◆ **WHAT THE EXERCISE ASKS**
Find each line below where the word "Atlanta" occurs, and copy it.

--- PROVIDED RECORDS ---

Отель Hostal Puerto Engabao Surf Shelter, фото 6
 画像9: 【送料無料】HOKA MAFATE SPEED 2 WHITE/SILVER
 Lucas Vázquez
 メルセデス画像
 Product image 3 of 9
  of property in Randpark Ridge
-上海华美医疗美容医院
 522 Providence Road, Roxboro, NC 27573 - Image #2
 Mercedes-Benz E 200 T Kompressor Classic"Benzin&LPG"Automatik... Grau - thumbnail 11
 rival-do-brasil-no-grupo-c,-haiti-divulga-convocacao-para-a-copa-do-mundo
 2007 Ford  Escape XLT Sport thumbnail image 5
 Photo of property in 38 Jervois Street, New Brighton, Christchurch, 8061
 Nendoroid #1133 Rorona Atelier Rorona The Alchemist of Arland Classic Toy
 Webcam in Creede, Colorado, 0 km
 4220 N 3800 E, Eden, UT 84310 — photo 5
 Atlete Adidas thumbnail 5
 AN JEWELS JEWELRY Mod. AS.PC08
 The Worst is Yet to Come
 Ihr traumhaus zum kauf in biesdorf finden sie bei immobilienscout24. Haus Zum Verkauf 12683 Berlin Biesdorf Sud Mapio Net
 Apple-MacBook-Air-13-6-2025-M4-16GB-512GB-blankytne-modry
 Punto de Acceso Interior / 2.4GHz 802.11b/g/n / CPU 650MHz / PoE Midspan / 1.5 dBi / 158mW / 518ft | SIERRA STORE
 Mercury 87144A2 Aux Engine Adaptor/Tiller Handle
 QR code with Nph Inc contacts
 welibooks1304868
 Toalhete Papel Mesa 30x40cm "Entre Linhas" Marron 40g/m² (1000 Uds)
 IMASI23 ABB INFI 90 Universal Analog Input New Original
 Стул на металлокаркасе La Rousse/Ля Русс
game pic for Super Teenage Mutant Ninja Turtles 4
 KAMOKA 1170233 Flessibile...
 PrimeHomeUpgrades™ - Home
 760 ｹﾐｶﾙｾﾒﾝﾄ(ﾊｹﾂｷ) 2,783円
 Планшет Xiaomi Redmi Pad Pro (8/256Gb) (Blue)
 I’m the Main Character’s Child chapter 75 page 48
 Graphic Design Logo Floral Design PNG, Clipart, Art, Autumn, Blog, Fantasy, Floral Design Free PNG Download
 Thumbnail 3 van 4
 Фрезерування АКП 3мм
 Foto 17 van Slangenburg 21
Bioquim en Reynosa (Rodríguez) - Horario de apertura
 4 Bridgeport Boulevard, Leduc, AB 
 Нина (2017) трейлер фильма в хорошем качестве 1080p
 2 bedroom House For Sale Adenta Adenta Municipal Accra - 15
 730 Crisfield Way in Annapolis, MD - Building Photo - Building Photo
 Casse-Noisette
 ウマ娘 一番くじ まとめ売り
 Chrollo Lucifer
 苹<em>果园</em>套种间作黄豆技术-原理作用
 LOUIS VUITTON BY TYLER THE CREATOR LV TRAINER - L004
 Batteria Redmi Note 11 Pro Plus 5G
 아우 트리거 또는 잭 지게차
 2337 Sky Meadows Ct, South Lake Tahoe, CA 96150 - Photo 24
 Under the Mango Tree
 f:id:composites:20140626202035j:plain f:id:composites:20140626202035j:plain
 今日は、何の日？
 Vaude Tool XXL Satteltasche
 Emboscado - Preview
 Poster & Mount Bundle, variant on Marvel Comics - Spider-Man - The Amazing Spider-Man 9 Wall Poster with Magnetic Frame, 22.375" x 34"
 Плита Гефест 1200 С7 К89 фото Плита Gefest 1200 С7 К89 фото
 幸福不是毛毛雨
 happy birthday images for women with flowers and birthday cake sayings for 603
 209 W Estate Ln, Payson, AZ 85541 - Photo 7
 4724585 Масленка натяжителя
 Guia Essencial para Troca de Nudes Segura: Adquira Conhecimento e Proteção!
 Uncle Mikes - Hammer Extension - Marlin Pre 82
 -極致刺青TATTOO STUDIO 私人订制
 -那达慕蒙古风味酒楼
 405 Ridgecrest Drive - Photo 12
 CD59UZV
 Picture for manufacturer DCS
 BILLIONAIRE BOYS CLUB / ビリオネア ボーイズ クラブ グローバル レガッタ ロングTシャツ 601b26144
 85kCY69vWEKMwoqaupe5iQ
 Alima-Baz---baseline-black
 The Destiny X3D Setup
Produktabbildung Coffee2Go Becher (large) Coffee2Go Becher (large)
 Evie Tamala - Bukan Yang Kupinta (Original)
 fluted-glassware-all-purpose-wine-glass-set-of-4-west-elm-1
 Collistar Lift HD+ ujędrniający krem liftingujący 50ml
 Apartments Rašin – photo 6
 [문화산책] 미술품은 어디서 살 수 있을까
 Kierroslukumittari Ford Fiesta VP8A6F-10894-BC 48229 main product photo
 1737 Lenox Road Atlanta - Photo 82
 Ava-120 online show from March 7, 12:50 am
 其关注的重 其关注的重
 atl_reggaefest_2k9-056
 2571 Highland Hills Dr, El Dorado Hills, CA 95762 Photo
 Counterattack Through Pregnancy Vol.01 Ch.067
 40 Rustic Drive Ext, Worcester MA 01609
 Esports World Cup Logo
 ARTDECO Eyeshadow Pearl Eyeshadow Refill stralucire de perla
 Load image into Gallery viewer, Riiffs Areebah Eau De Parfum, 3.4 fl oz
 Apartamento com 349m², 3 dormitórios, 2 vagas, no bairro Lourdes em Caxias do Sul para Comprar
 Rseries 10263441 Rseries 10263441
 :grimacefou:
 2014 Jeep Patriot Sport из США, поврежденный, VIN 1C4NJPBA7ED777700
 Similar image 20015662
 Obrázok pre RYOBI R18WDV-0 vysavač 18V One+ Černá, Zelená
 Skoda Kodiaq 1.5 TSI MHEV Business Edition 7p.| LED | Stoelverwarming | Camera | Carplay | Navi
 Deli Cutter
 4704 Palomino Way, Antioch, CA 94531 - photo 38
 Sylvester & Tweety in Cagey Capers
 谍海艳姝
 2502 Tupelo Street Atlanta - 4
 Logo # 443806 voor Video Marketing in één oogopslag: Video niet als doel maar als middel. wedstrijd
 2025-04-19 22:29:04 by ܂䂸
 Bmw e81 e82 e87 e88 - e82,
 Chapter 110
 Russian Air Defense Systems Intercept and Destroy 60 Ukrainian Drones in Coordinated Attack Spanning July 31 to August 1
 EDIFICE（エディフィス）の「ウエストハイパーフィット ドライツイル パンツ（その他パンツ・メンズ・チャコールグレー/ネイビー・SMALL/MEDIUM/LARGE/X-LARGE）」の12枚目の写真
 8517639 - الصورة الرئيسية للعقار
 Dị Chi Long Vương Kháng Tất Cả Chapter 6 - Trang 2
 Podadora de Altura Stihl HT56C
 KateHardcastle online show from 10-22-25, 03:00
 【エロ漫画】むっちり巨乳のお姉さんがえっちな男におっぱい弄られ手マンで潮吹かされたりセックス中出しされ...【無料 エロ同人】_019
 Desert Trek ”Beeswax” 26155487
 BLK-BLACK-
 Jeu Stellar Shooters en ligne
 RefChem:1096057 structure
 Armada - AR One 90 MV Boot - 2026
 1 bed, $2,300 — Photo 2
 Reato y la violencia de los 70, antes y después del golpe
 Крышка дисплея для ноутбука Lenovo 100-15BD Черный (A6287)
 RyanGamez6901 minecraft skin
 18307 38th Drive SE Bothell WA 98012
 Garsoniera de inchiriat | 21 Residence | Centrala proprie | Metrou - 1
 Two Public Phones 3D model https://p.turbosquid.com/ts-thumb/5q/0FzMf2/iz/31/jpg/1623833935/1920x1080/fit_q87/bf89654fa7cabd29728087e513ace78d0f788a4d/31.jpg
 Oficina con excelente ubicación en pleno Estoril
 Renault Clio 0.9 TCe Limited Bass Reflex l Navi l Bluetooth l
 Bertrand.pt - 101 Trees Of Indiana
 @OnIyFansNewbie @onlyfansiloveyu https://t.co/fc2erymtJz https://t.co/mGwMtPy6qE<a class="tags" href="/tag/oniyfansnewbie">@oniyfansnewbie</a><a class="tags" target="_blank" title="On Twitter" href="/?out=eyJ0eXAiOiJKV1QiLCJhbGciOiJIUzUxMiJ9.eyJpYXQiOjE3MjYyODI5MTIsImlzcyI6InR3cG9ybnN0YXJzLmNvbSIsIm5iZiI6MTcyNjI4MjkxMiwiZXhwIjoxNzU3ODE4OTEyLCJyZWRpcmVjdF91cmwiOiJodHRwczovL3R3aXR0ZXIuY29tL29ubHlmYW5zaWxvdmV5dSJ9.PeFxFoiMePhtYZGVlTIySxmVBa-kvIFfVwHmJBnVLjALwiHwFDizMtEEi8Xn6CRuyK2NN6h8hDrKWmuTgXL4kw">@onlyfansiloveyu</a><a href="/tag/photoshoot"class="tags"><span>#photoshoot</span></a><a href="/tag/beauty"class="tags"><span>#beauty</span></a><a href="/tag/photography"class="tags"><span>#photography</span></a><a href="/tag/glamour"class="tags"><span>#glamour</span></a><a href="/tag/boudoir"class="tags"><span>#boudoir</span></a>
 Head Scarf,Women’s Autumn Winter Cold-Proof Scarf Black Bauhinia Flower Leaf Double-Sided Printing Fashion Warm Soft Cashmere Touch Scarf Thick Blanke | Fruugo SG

---

◆ **TASK OUTPUT**
 1737 Lenox Road Atlanta - Photo 82
 2502 Tupelo Street Atlanta - 4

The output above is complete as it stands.